SUPPLIED ENTRIES:

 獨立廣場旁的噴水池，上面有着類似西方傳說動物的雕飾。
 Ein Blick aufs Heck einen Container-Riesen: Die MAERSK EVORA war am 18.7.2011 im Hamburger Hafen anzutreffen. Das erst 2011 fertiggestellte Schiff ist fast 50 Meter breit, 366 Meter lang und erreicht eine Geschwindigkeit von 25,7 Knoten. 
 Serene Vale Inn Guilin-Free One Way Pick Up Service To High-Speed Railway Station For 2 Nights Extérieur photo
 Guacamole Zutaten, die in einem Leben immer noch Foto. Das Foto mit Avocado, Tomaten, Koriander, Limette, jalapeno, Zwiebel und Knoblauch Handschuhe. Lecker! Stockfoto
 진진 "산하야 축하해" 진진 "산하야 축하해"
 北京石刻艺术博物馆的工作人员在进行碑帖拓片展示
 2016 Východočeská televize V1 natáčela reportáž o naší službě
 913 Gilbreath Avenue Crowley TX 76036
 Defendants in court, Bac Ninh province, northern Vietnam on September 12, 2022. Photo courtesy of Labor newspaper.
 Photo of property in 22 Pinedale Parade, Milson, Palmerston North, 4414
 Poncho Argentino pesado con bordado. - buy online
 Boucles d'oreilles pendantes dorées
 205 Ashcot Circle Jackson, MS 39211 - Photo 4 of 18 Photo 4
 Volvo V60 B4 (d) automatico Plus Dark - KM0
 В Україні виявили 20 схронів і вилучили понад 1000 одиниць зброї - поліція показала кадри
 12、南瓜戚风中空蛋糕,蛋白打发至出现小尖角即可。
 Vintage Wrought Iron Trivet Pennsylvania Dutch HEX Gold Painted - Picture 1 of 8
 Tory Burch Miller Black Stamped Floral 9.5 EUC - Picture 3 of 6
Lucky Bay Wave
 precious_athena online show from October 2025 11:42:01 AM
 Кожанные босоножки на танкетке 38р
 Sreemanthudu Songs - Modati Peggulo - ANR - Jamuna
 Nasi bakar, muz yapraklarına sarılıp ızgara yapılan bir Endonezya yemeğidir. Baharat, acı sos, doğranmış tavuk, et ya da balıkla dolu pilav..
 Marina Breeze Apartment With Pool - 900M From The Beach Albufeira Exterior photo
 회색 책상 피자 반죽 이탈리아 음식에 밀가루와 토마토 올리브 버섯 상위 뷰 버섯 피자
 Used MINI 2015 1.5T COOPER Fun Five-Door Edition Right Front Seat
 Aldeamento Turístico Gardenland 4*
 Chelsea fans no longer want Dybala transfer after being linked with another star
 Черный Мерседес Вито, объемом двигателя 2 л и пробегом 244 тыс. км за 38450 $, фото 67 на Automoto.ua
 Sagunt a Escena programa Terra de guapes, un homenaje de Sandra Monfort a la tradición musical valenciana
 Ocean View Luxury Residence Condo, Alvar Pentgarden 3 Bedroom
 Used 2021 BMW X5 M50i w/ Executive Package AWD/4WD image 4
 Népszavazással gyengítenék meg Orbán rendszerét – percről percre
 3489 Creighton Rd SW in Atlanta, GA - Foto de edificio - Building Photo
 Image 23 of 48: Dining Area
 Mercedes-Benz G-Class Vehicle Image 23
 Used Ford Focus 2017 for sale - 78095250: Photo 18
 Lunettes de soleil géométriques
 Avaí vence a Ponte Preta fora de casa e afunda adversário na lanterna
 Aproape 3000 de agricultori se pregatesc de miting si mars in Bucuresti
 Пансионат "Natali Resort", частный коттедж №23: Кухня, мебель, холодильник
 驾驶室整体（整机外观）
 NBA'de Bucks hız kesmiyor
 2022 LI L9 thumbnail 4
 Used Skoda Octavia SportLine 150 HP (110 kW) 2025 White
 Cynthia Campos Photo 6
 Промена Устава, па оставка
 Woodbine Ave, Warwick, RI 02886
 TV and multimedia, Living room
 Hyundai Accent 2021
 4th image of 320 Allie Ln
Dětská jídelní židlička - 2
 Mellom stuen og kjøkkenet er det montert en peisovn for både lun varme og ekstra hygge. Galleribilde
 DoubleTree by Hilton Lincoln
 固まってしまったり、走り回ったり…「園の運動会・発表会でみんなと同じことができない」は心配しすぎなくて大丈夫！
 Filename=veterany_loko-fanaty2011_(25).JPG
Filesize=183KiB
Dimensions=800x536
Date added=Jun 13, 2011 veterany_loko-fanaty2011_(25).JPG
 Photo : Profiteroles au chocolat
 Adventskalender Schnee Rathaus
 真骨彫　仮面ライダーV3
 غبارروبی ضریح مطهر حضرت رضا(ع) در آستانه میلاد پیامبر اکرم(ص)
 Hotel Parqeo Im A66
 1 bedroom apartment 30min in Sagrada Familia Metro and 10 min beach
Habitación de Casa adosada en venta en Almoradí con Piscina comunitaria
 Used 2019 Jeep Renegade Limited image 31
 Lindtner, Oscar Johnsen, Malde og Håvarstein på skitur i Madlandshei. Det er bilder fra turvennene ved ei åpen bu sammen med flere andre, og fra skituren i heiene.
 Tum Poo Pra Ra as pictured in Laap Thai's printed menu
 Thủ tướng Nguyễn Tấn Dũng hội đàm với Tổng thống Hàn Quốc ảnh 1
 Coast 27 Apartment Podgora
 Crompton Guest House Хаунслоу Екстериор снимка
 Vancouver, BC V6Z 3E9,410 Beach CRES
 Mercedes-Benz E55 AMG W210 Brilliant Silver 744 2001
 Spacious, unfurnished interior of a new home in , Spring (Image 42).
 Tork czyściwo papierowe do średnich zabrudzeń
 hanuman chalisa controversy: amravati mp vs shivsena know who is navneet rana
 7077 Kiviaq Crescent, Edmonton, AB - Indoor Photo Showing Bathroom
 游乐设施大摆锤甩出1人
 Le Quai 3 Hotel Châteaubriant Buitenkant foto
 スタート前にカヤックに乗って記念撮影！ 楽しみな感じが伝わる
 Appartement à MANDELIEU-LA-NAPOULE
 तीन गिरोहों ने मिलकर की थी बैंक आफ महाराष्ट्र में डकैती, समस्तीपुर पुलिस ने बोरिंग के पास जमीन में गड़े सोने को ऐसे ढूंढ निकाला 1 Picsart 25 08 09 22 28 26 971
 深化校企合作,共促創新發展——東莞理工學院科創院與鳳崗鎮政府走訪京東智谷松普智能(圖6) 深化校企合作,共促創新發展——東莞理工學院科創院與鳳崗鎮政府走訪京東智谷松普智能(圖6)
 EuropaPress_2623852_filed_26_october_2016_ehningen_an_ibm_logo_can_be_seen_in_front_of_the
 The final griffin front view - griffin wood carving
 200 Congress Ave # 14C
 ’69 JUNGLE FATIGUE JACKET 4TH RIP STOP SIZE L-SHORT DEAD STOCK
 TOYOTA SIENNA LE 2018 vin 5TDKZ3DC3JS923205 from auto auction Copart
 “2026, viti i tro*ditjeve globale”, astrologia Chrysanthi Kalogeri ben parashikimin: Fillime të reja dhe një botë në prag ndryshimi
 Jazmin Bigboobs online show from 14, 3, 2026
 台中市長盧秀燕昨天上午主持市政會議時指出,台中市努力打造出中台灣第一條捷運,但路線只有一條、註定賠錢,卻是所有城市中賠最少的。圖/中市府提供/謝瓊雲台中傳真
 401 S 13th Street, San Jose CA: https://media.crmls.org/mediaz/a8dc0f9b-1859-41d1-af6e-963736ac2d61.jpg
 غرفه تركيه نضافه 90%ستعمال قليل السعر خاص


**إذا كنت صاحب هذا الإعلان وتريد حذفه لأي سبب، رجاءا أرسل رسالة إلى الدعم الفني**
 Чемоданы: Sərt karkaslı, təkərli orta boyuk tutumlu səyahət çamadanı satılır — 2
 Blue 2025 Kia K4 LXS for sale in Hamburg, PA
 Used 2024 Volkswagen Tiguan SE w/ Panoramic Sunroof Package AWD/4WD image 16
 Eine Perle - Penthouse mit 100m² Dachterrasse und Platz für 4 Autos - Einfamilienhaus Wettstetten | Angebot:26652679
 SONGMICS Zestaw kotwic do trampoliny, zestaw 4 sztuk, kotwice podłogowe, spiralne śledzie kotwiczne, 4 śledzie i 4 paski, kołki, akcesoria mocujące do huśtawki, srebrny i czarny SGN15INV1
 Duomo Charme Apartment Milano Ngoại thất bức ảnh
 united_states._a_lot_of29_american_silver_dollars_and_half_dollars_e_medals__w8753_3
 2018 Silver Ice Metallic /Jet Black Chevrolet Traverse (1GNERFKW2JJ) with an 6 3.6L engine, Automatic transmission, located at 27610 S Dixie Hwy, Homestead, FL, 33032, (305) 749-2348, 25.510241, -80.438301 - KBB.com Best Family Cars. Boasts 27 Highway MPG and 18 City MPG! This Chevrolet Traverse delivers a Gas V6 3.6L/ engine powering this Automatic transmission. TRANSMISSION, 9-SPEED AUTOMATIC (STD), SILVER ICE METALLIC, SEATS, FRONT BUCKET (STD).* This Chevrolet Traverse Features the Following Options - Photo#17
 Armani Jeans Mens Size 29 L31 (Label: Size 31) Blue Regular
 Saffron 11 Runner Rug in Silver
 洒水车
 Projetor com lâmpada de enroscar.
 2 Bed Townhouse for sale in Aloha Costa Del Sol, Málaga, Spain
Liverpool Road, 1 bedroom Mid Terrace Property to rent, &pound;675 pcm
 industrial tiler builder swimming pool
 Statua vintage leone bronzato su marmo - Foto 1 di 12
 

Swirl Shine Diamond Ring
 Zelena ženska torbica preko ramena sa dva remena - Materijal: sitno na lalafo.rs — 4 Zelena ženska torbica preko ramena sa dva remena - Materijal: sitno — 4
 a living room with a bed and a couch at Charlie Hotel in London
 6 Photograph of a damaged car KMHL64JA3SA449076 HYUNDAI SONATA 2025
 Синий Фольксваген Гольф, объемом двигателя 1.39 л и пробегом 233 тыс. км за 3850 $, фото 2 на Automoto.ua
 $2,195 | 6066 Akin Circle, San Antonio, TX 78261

TASK GOAL: Taking the line with "Промена Устава, па оставка" as the first and the line with "Used 2019 Jeep Renegade Limited image 31" as the last, retype that stretch of the data above exactly, with no other lines.

COMPLETED TASK:
 Промена Устава, па оставка
 Woodbine Ave, Warwick, RI 02886
 TV and multimedia, Living room
 Hyundai Accent 2021
 4th image of 320 Allie Ln
Dětská jídelní židlička - 2
 Mellom stuen og kjøkkenet er det montert en peisovn for både lun varme og ekstra hygge. Galleribilde
 DoubleTree by Hilton Lincoln
 固まってしまったり、走り回ったり…「園の運動会・発表会でみんなと同じことができない」は心配しすぎなくて大丈夫！
 Filename=veterany_loko-fanaty2011_(25).JPG
Filesize=183KiB
Dimensions=800x536
Date added=Jun 13, 2011 veterany_loko-fanaty2011_(25).JPG
 Photo : Profiteroles au chocolat
 Adventskalender Schnee Rathaus
 真骨彫　仮面ライダーV3
 غبارروبی ضریح مطهر حضرت رضا(ع) در آستانه میلاد پیامبر اکرم(ص)
 Hotel Parqeo Im A66
 1 bedroom apartment 30min in Sagrada Familia Metro and 10 min beach
Habitación de Casa adosada en venta en Almoradí con Piscina comunitaria
 Used 2019 Jeep Renegade Limited image 31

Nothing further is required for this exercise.